Price discovery. Price discovery is directly facilitated by trading. The more
frequent the trading, the more efficient the pricing mechanism (all else being
equal). Active trading also facilitates higher liquidity.

Neither of these things can be properly facilitated by a passive index. Buying
and selling (bidding and asking) is a mechanism for expressing optimistic and
pessimistic sentiment about an asset's price. The only thing a passive index
can convey is neutral sentiment, because it's just holding.

For a specific example of why this is important, let's look at something
slightly different. Indices are only capable of expressing neutral sentiment
in a market. It lacks the buying and selling functions. But private equity -
such as venture capital investing, likewise lacks certain price discovery
functions that public markets have. Private companies cannot be directly
shorted regardless of how large their valuation. Likewise since liquidity is
low it's easier to buy more shares than it is to sell shares. This naturally
leads to a positive pressure on the pricing mechanism, resulting in inflated
valuations that don't take into account pessimism.

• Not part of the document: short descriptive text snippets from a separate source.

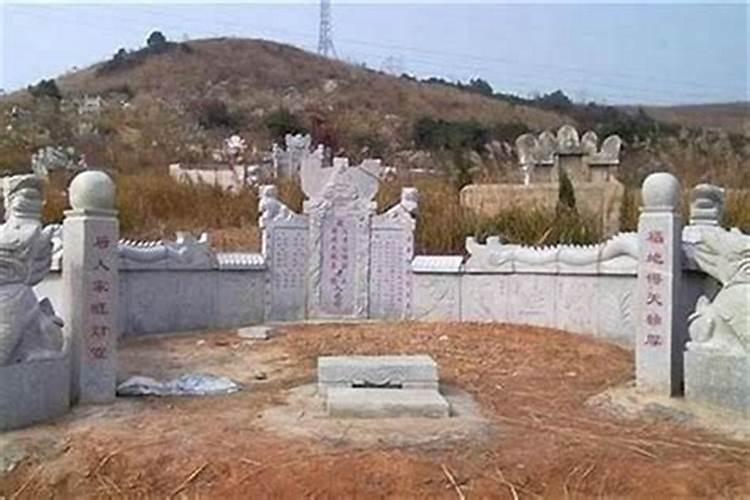 坟地风水：如何看旺后人大小？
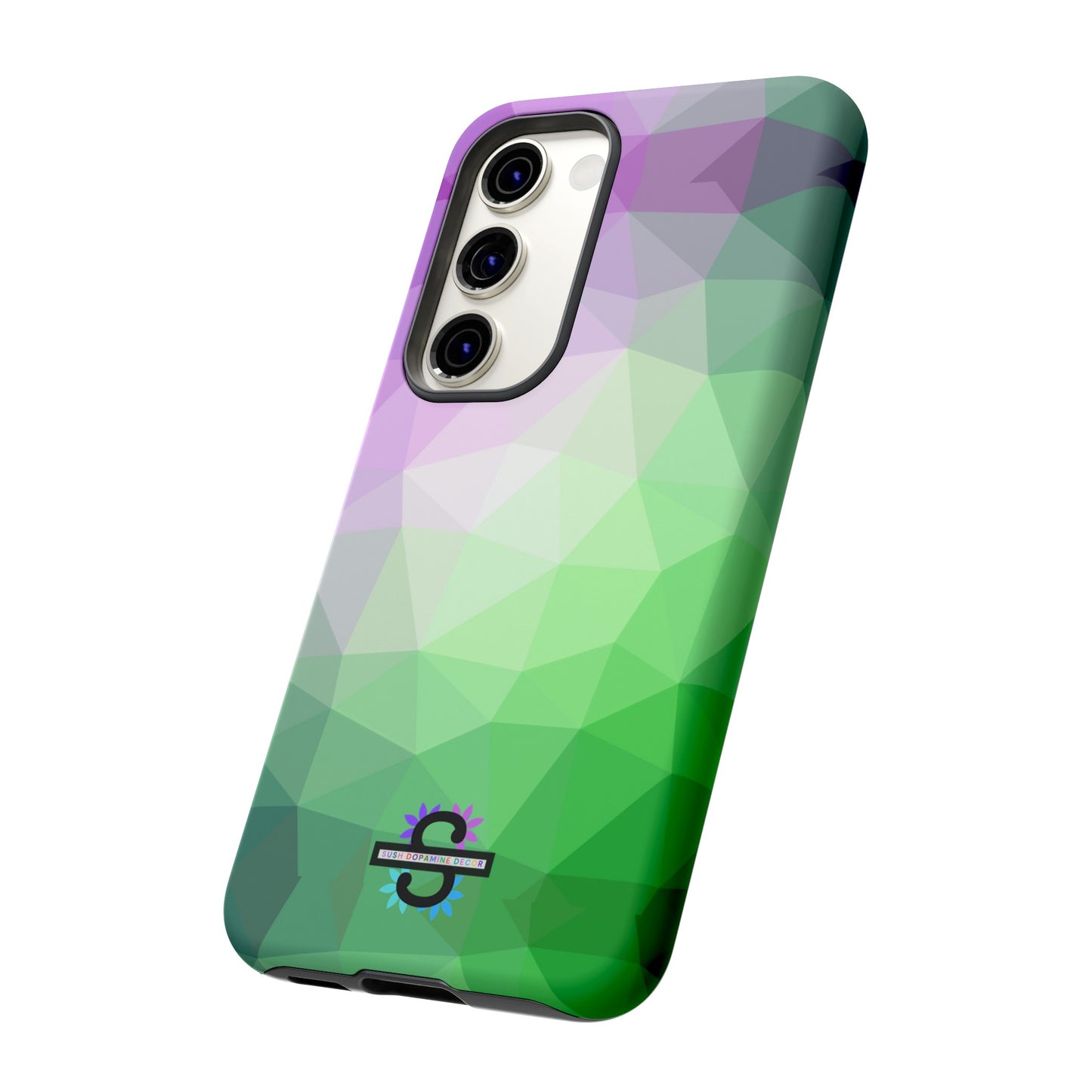 Chromatic Hard Phone Cover Geometric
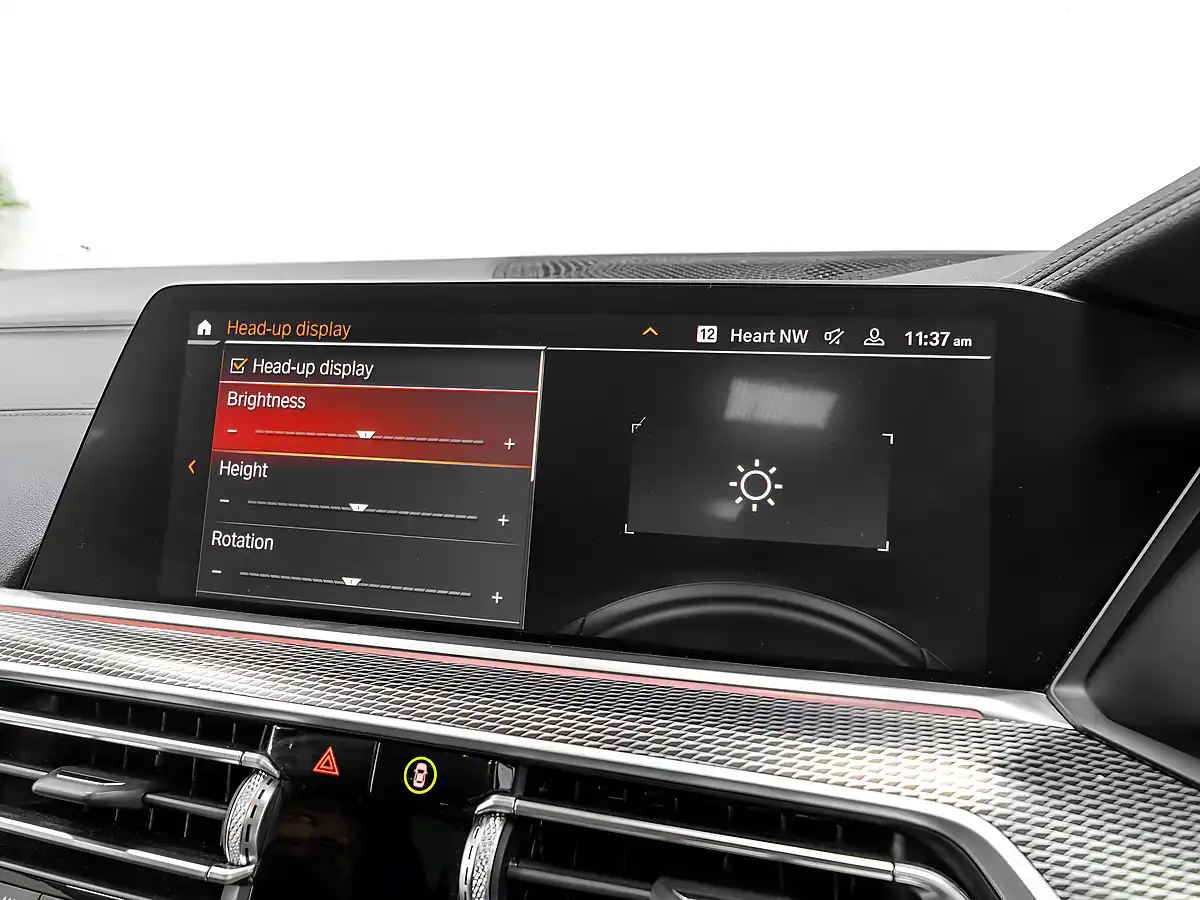 Used 2019 BMW X5 M Sport Carbon Black - Interior and Exterior details 19
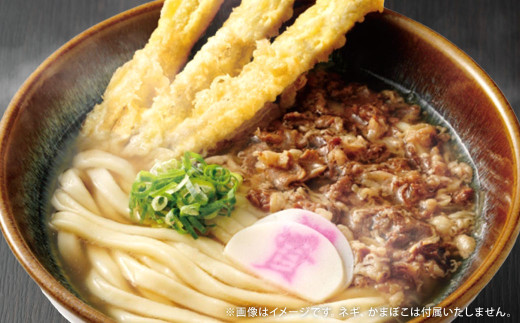 【定期便3カ月】 資さん肉ごぼ天うどん（10人前）×3回 合計30人前 肉うどん ごぼう天うどん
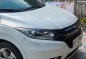 Pearl White Honda HR-V 2015 for sale in Cabanatuan-2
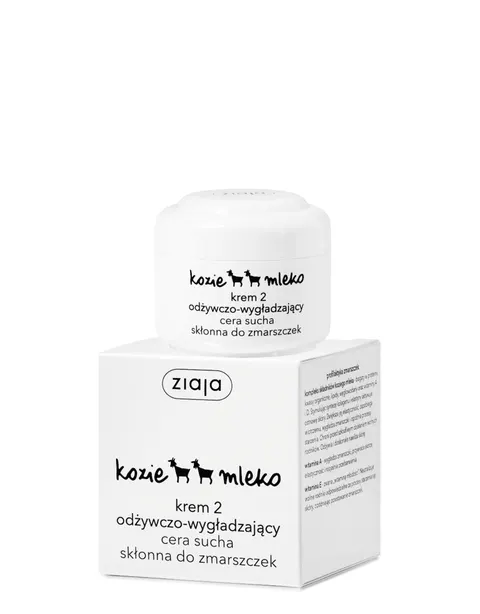ZIAJA KOZIE MLEKO, krem 2 odżywczy, 50 ml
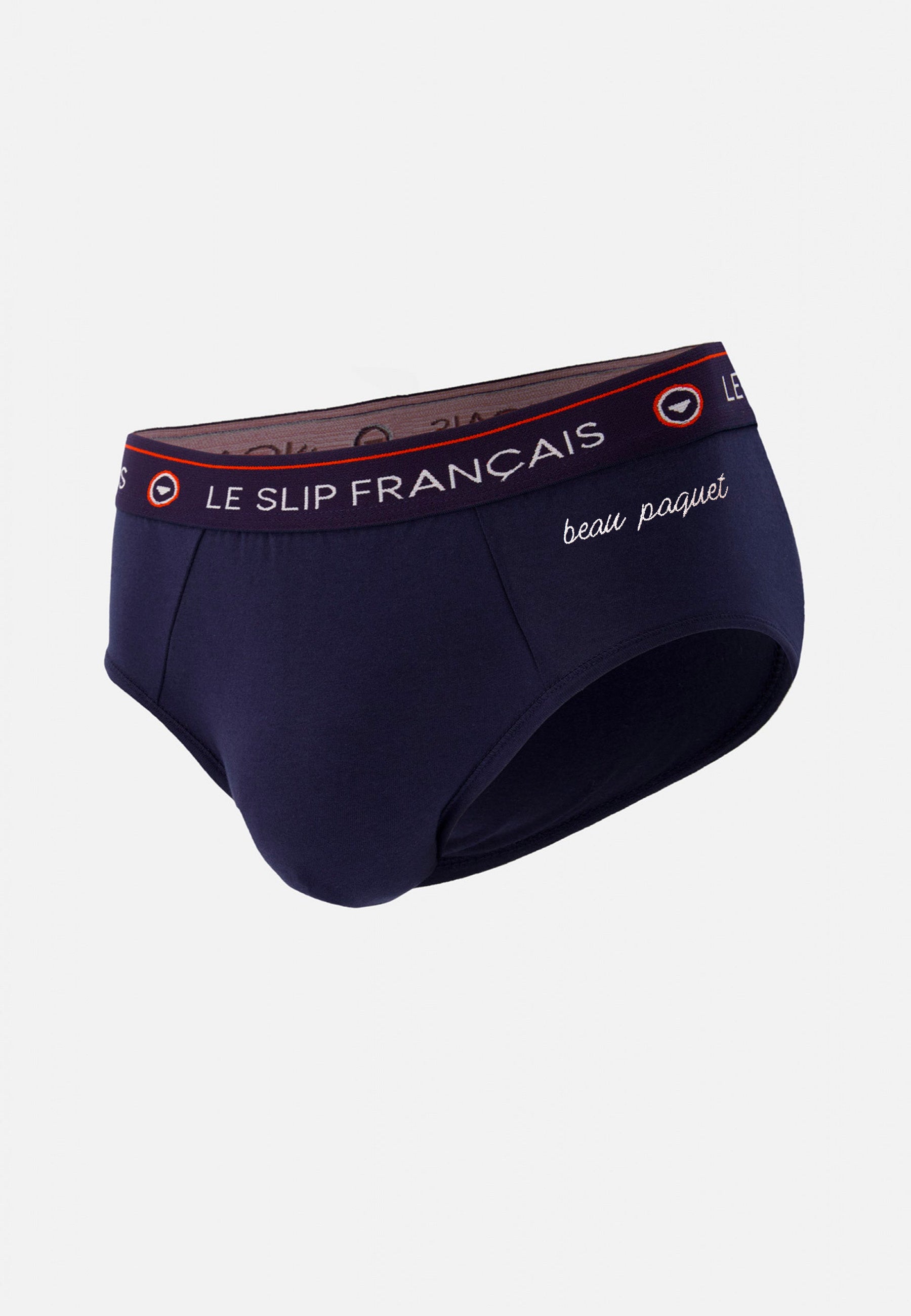 Blanche porte slips fashion homme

Regardless of whether or not you feel tech is in a bubble, this is one reason
why tech valuations have skyrocketed. There are credible arguments that
similar distortions could happen to public markets if passive indices capture
the vast majority of investing. But that's by no means a certainty.

------
atemerev
The only driving force for the popularity of passive investing is the bull
market of the past 10 years.

It will be significantly less popular when we hit the next recession.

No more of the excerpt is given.